Data ▸
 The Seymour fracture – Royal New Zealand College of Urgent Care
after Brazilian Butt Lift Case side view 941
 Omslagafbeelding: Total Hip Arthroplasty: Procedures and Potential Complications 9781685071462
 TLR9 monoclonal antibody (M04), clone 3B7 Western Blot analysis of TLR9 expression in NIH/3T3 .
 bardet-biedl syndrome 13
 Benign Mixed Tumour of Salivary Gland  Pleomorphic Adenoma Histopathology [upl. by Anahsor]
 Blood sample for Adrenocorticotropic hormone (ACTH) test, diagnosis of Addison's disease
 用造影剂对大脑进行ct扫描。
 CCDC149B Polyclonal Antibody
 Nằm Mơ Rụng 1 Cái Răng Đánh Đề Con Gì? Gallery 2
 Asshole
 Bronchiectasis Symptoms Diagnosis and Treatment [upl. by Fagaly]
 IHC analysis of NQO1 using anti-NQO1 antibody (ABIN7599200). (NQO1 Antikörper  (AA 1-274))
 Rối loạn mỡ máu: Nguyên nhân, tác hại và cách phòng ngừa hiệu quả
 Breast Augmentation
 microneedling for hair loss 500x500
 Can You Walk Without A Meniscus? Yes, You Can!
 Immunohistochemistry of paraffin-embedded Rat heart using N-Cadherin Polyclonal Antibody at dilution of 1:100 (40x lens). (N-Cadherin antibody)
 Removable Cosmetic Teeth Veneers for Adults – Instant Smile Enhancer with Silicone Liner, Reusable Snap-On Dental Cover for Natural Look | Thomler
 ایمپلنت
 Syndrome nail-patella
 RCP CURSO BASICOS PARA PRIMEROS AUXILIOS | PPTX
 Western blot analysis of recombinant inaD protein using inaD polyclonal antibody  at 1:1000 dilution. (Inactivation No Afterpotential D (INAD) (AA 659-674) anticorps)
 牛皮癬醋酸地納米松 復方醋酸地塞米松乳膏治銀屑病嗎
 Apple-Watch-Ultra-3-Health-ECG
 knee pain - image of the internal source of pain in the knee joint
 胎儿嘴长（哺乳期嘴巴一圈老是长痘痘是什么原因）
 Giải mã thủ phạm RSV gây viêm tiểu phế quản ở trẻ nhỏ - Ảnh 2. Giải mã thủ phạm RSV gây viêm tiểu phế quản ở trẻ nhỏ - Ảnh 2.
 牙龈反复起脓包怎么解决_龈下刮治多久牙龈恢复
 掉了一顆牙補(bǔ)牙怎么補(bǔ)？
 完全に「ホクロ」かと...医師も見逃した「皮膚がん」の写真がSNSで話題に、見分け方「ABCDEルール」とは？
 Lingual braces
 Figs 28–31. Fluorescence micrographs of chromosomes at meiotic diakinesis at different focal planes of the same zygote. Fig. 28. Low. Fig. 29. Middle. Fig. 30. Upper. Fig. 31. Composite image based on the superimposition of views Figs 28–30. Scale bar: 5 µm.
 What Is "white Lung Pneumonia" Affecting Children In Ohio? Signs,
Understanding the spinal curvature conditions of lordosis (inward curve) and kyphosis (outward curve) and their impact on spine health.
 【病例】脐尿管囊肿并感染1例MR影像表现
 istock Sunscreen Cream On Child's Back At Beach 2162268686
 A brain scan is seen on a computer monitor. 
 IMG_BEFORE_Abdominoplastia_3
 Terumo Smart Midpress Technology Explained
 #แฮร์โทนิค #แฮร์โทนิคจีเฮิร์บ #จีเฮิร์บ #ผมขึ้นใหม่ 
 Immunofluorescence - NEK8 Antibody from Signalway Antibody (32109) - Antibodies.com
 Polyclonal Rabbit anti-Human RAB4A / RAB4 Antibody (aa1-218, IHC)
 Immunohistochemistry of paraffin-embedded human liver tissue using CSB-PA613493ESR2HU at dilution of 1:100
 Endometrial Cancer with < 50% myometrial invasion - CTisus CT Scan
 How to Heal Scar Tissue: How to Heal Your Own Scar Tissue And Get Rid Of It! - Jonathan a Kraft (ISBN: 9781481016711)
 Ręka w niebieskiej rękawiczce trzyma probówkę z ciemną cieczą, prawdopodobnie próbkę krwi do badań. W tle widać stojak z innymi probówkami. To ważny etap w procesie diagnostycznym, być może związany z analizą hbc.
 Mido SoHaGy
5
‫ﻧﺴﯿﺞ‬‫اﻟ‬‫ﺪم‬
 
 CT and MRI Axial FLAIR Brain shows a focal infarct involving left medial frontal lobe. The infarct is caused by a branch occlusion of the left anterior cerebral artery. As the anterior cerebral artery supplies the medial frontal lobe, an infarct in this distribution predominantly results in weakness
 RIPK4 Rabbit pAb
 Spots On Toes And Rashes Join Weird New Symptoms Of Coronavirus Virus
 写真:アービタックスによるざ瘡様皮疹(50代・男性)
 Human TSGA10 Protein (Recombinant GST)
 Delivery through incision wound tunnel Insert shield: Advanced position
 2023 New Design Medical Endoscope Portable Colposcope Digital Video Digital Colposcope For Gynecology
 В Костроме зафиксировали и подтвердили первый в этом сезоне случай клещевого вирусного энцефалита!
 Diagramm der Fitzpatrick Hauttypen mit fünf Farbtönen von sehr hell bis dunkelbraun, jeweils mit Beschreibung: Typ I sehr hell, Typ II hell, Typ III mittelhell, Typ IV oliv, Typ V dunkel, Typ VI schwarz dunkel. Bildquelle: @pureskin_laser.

Action item ▸ All lines of the records containing "paraffin" should be shown.

Answer to the exercise ▸
 Immunohistochemistry of paraffin-embedded Rat heart using N-Cadherin Polyclonal Antibody at dilution of 1:100 (40x lens). (N-Cadherin antibody)
 Immunohistochemistry of paraffin-embedded human liver tissue using CSB-PA613493ESR2HU at dilution of 1:100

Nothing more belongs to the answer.